Given material |

------------------------------------------------

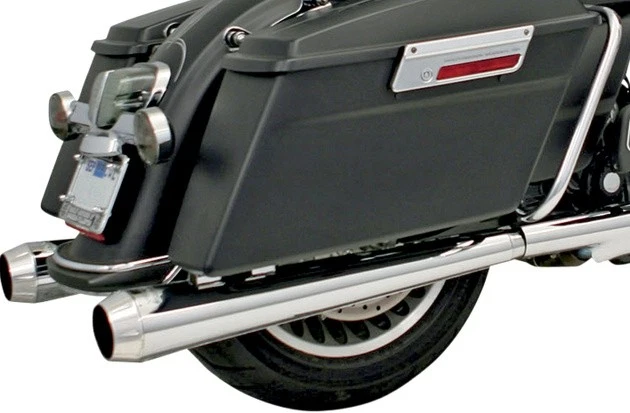 Bassani Megaphone Slip-On Mufflers With Performance Baffles 4" Chrome #FLH-517L - Image 1 of 1
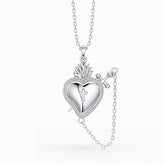 Flaming Heart with Dagger Necklace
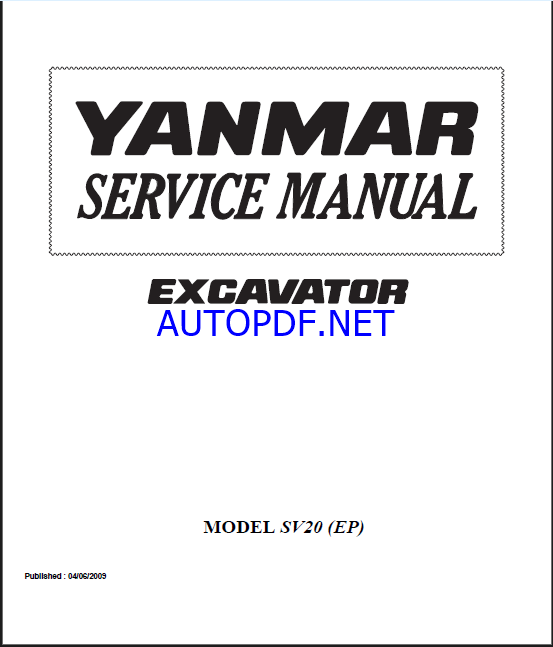 YANMAR SV20 Crawler excavators SERVICE MANUAL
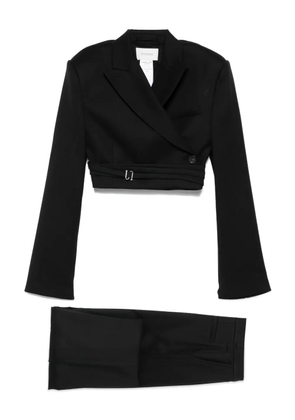 Sportmax wrap-design cropped jacket - Black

------------------------------------------------

Task prompt | Transcribe all of the lines above exactly as given. The pictures stay out.

Output below |
 Bassani Megaphone Slip-On Mufflers With Performance Baffles 4" Chrome #FLH-517L - Image 1 of 1
 Flaming Heart with Dagger Necklace
 YANMAR SV20 Crawler excavators SERVICE MANUAL
 Sportmax wrap-design cropped jacket - Black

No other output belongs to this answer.